With audio data, I figured I could add minor white noise to my samples to create new subtly different versions of each file, effectively doubling my training data size. This would also help my model be more resilient to noisy audio, as I can’t guarantee that my microphone would sound as good as the studio recordings from the dataset.

def add_white_noise(audio, noise_level):
  noise = np.random.randn(len(audio))
  augmented_audio = audio + noise_level * noise
  return augmented_audio.astype(type(audio[0]))

Adding more training epochs and creating copies of my dataset with white noise applied made a huge difference, and after 20 epochs I reached ~46% accuracy - pretty good!

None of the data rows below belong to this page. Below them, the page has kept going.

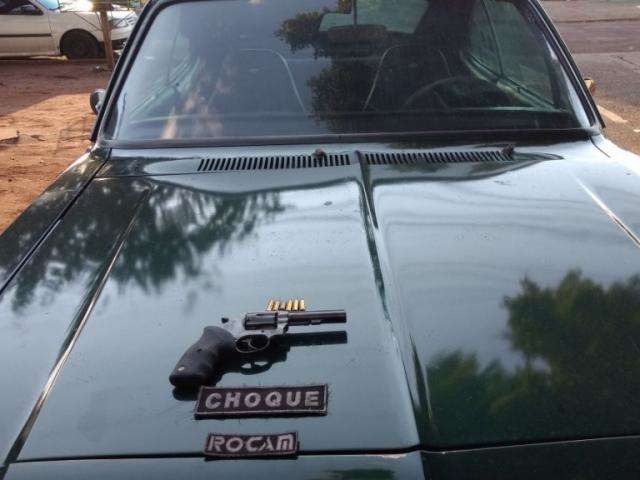 Adolescente &eacute; apreendida com drogas, rev&oacute;lver e carro furtado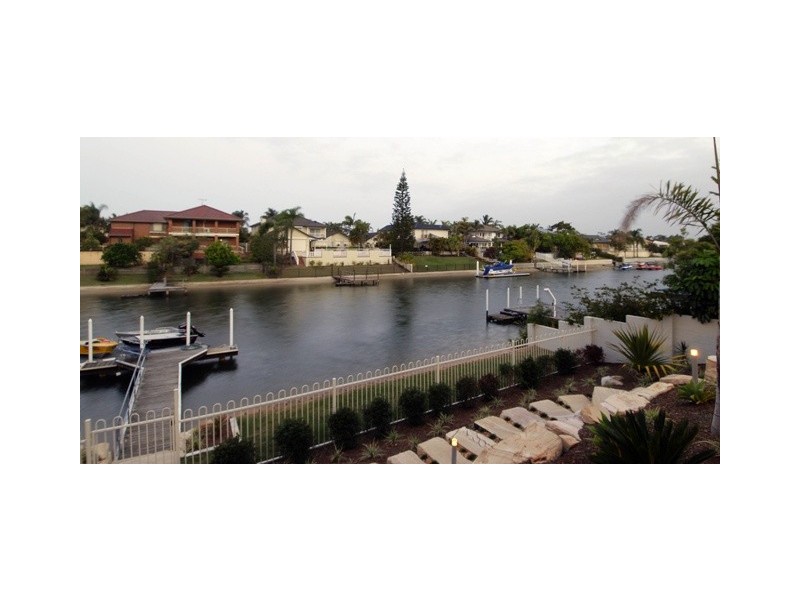 10 St Tropez Terrace, Sorrento QLD 4217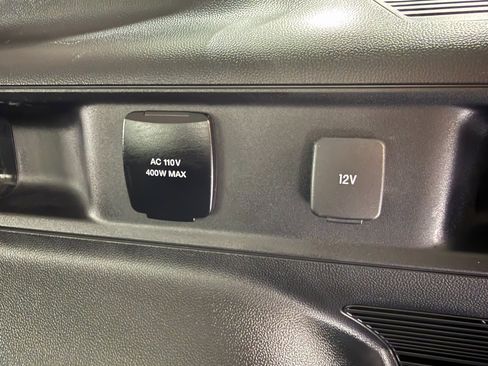 Used 2024 Ford Bronco Sport Badlands image 48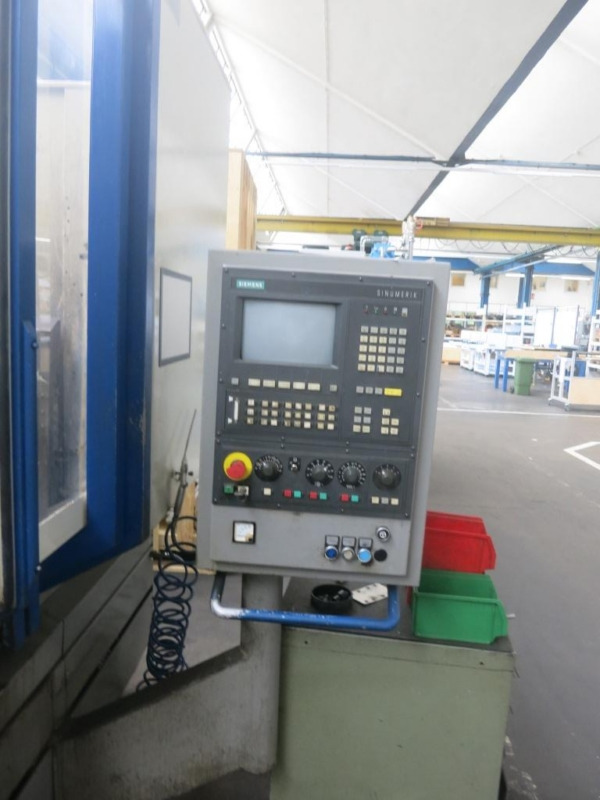 Chiron FZ 28 - Centro de mecanizado CNC: foto 3 Chiron FZ 28 - Centro de mecanizado CNC: foto 3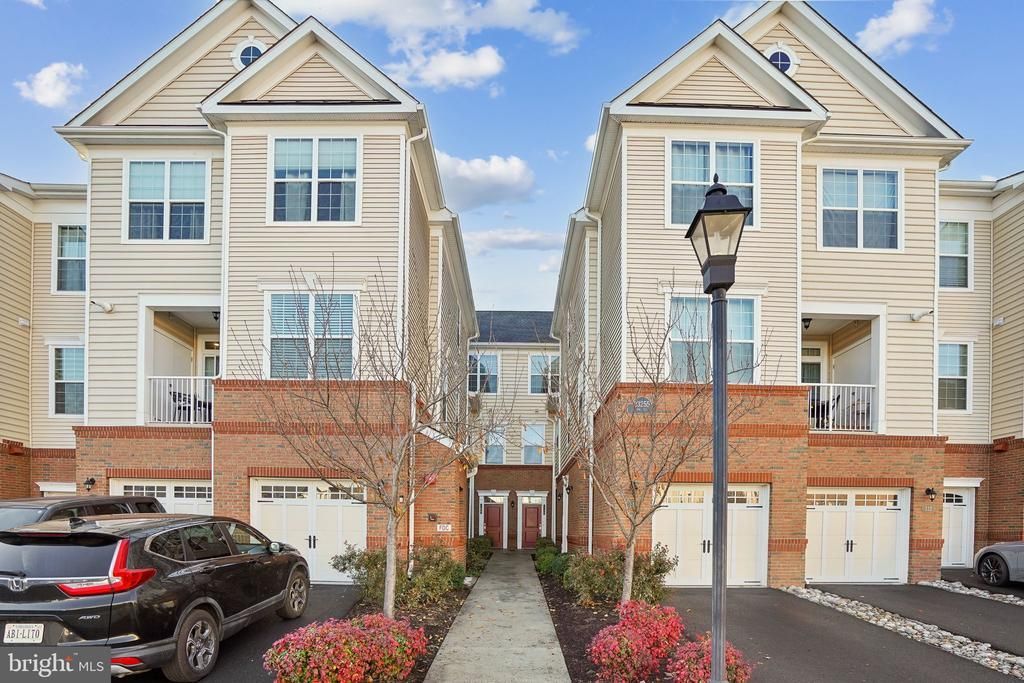23255 Milltown Knoll Square, Unit 110, Ashburn, VA 20148 Main Photo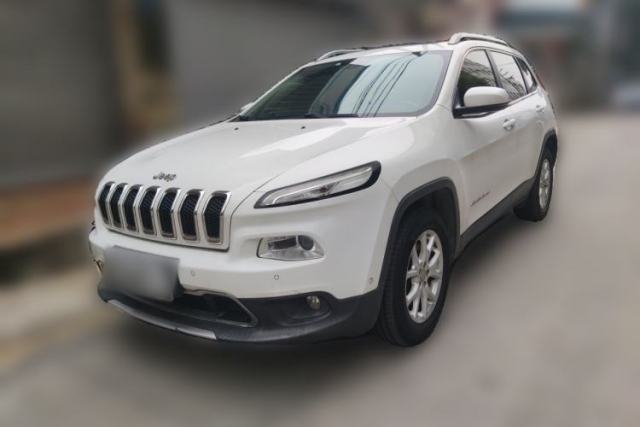 Used Jeep Cherokee 2016 2.4L Professional Smart Version
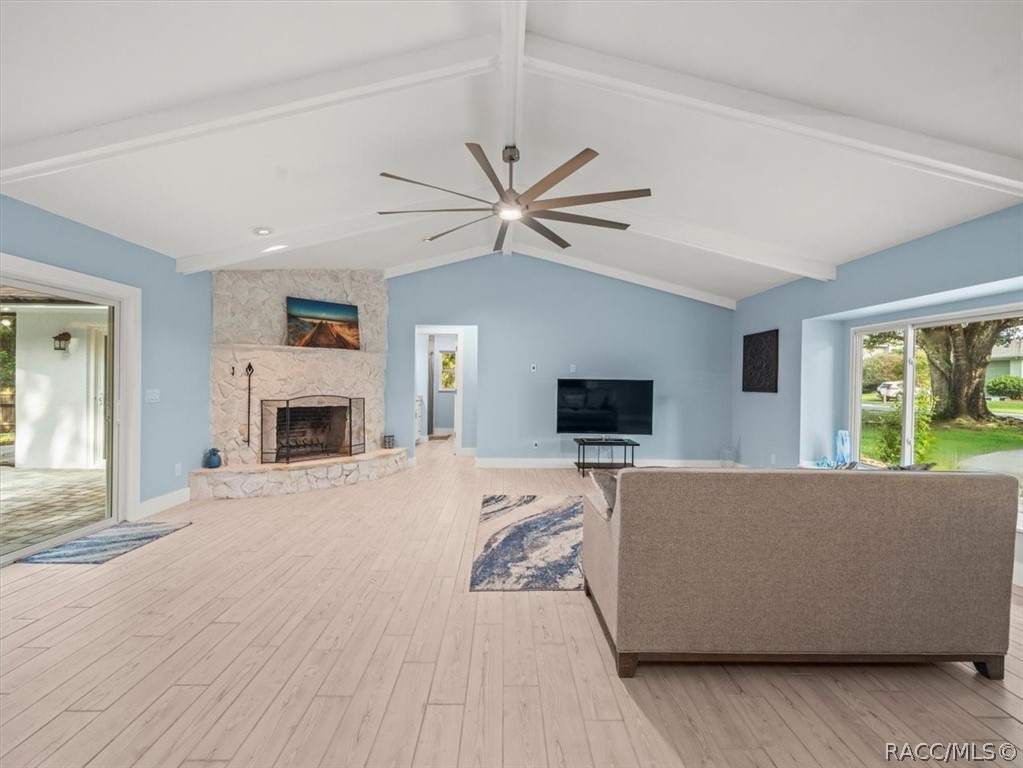 11815 W Waterway Drive, Homosassa, FL 34448
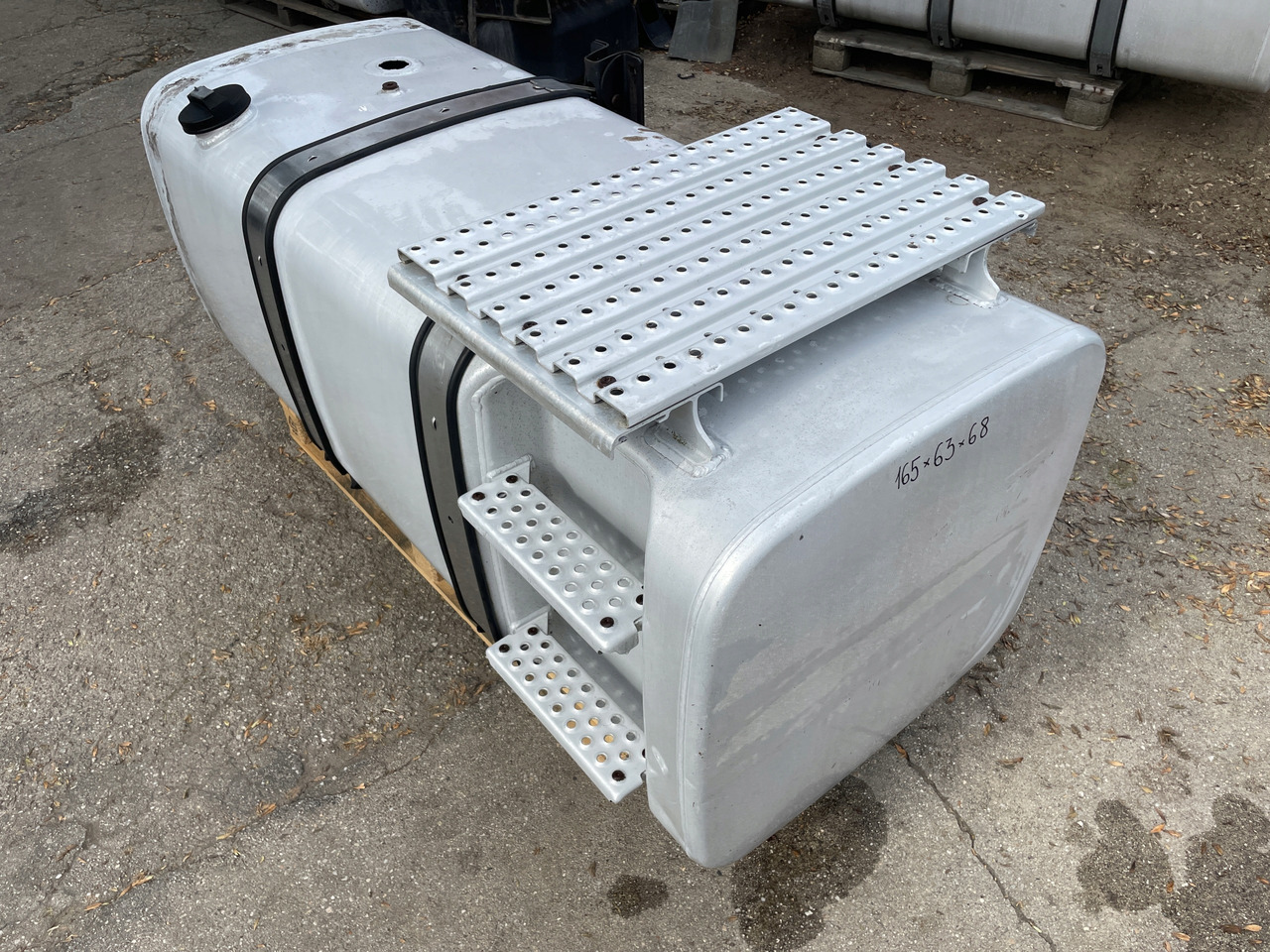 ZBIORNIK PALIWA MAN TGX TGS TGA 590 L 81122015663 - Depósito de combustible para Camión: foto 3 ZBIORNIK PALIWA MAN TGX TGS TGA 590 L 81122015663 - Depósito de combustible para Camión: foto 3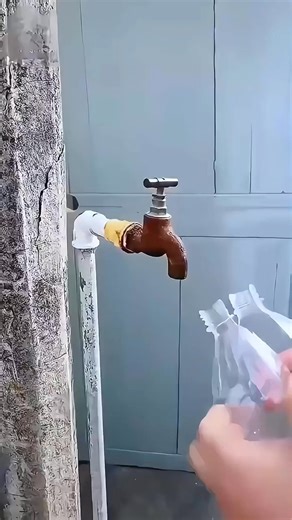 Tips for folding a quilt#life #lifetips #lifehacks #facts #short | Creative Knowledge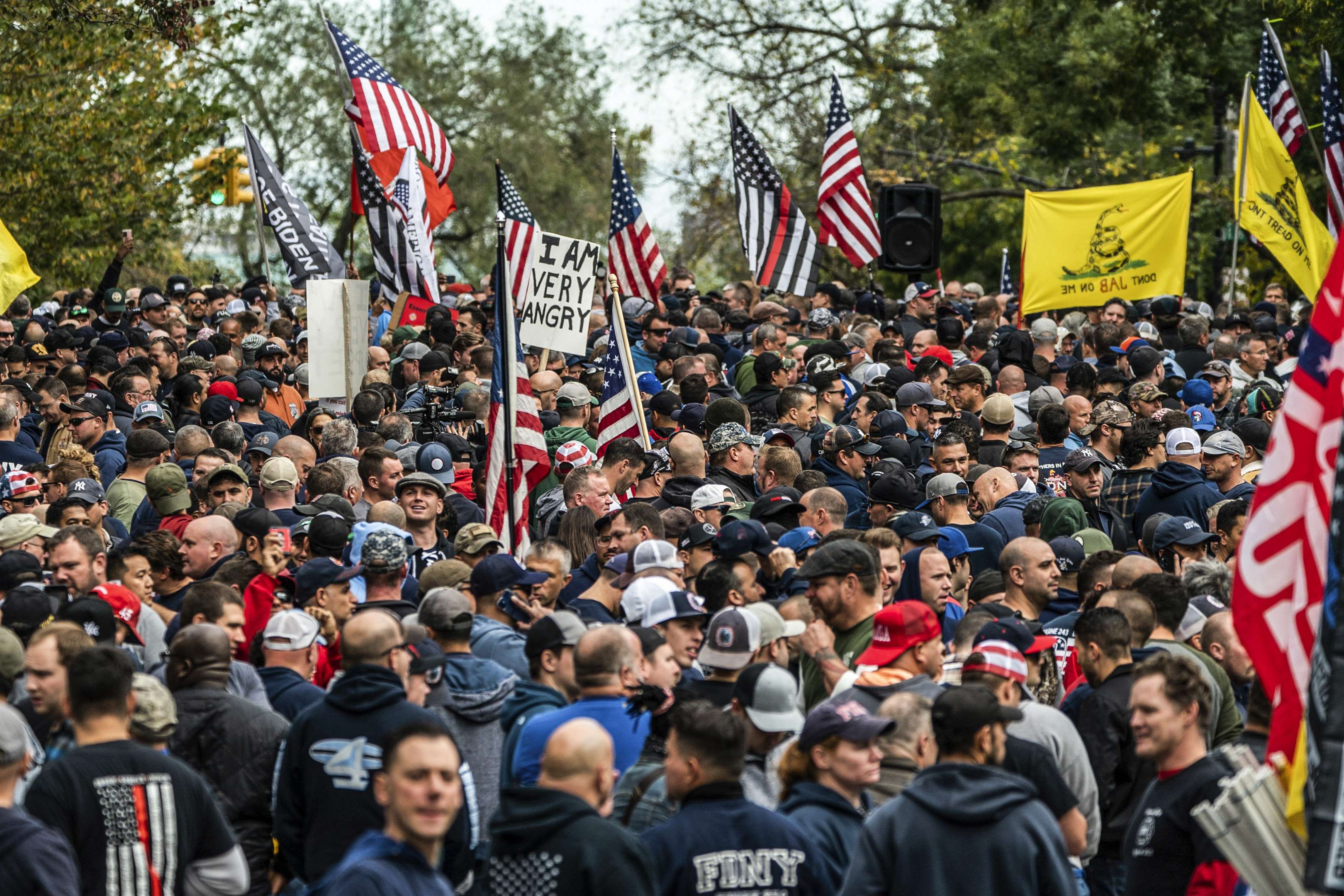 Zjarrfikësit protestojnë në New York, nuk duan të vaksinohen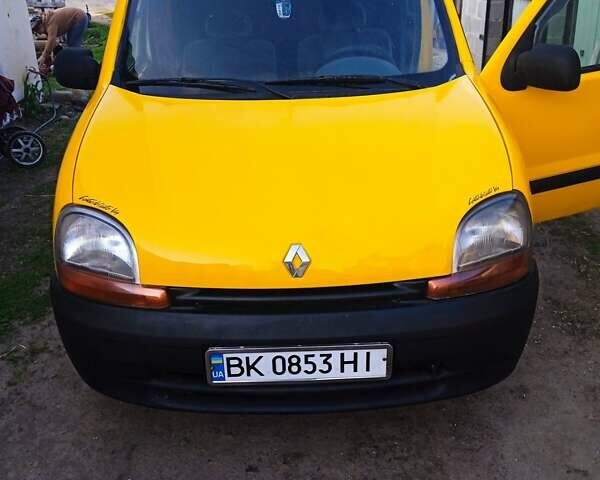 Желтый Рено Кенгу, объемом двигателя 1.87 л и пробегом 200 тыс. км за 2400 $, фото 1 на Automoto.ua
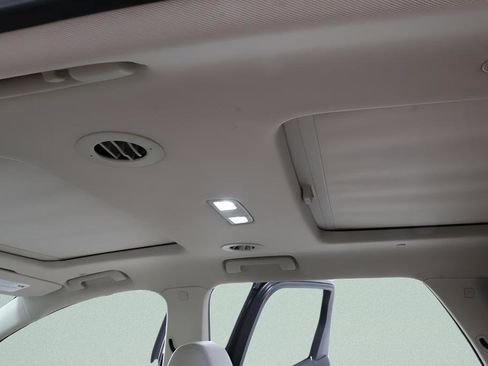 Used 2021 Buick Enclave Essence w/ Sport Touring Edition image 9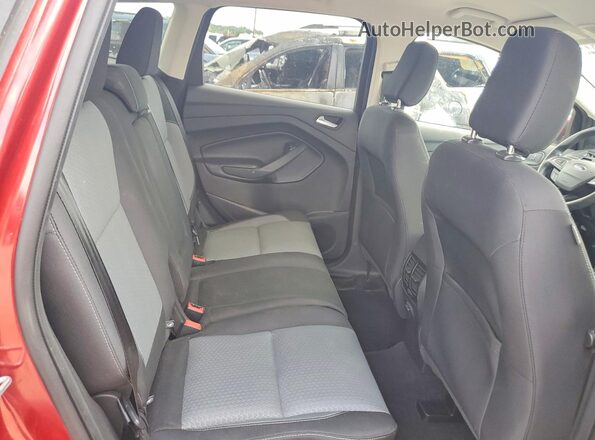 1FMCU0GDXKUC12292 2019 FORD ESCAPE Red Widok wnętrza z tyłu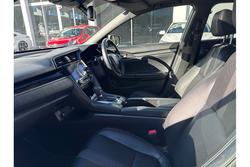 2020 Honda
Civic VTi-LX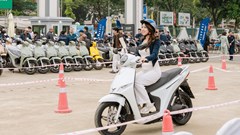 Ngày hội Thu xăng đổi điện: Xe máy điện VinFast “được lòng” từ học sinh, nhân viên văn phòng tới người lớn tuổi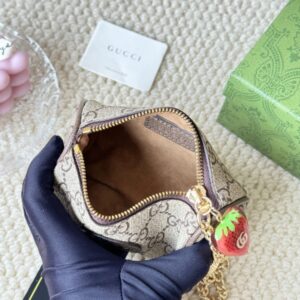 【AT1728】GUCCI/グッチの新しい女性用クリーム/ウッドカラーの帆布製イチゴのジッパーコインケース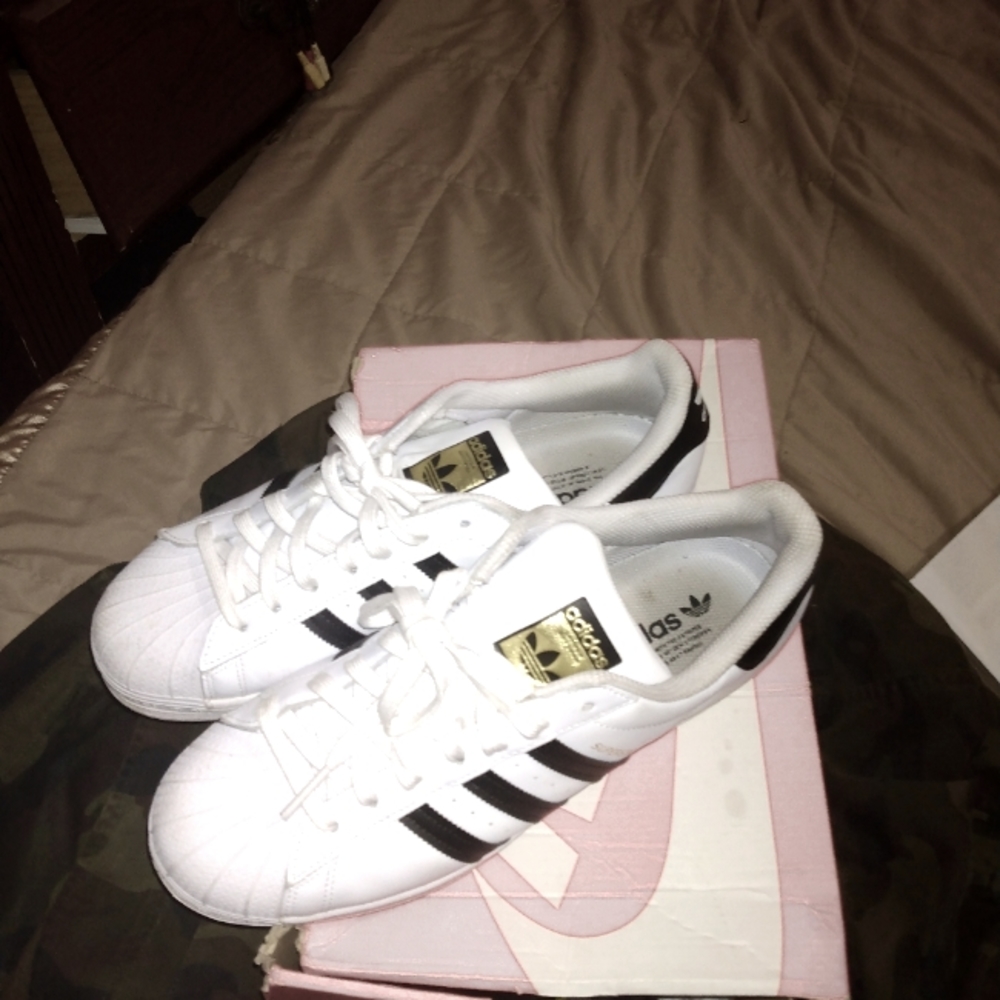 Men Adidas shoes
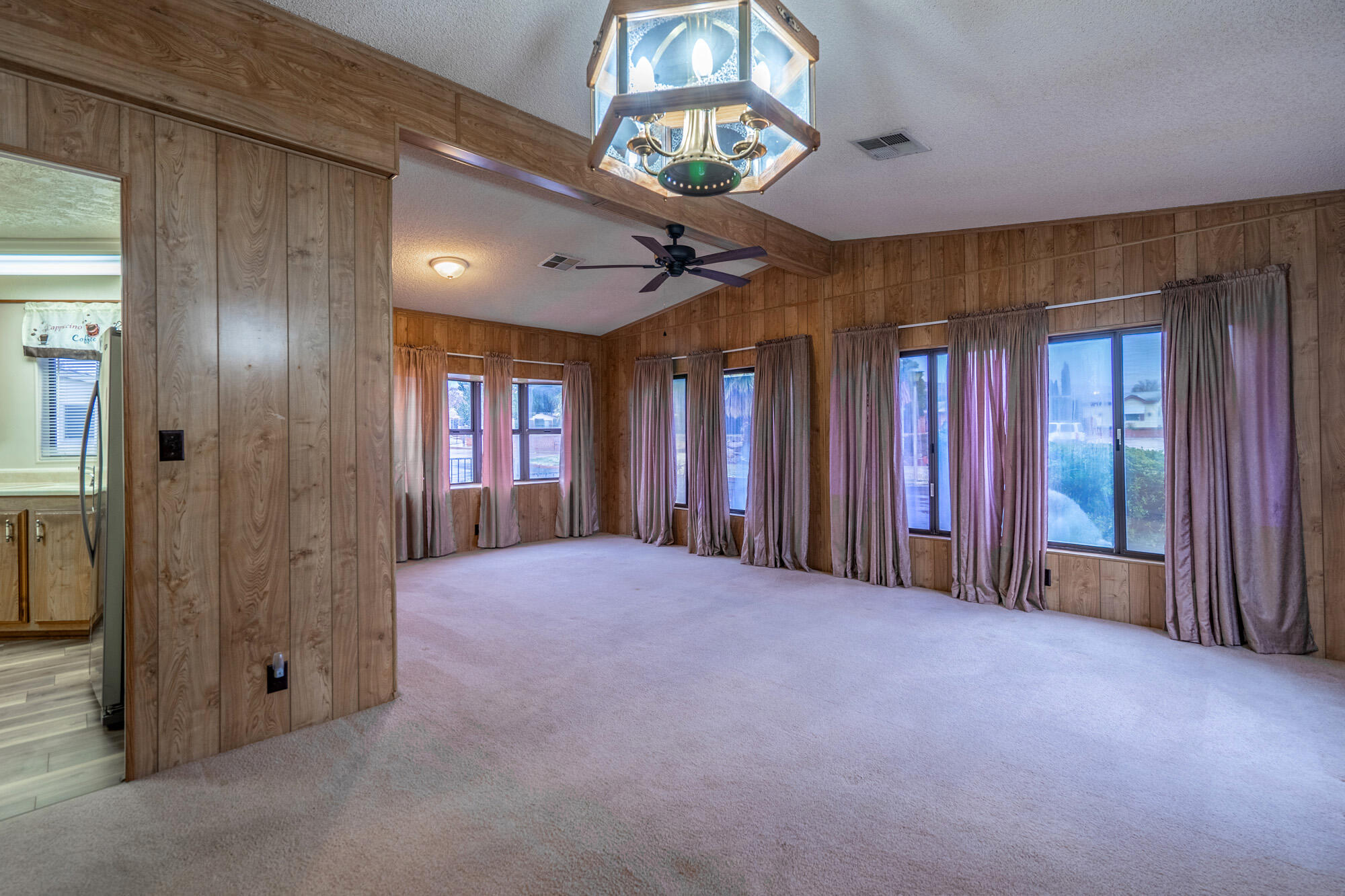 RAINBOW RIDGE MOBILE HOME PARK - Residential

Also, it now looks like we are reaching some sort of limits, as the final few epochs seem to level out (and even regress a bit on the last one). This suggests that I have squeezed out most of the potential value from the data and the setup as I have prepared it. So I figured - why not augment the data more!

After some preliminary research, I made the dataset even larger by adding data augmentations like time stretching (playing the audio slower/faster) and pitch shifts (playing the audio at lower/higher pitches) which together somewhat approximate different "voices" and speaking styles - hopefully helping the model to abstract beyond the specific examples/speakers that I have in the dataset. The trick to data augmentation is to think about how the data can be changed without changing the ultimate label. In this case, the audio files that say "qiào" would still be classified as "qiào" by a native speaker, even if they are spoken with background noise, at a different speed, or at a different pitch.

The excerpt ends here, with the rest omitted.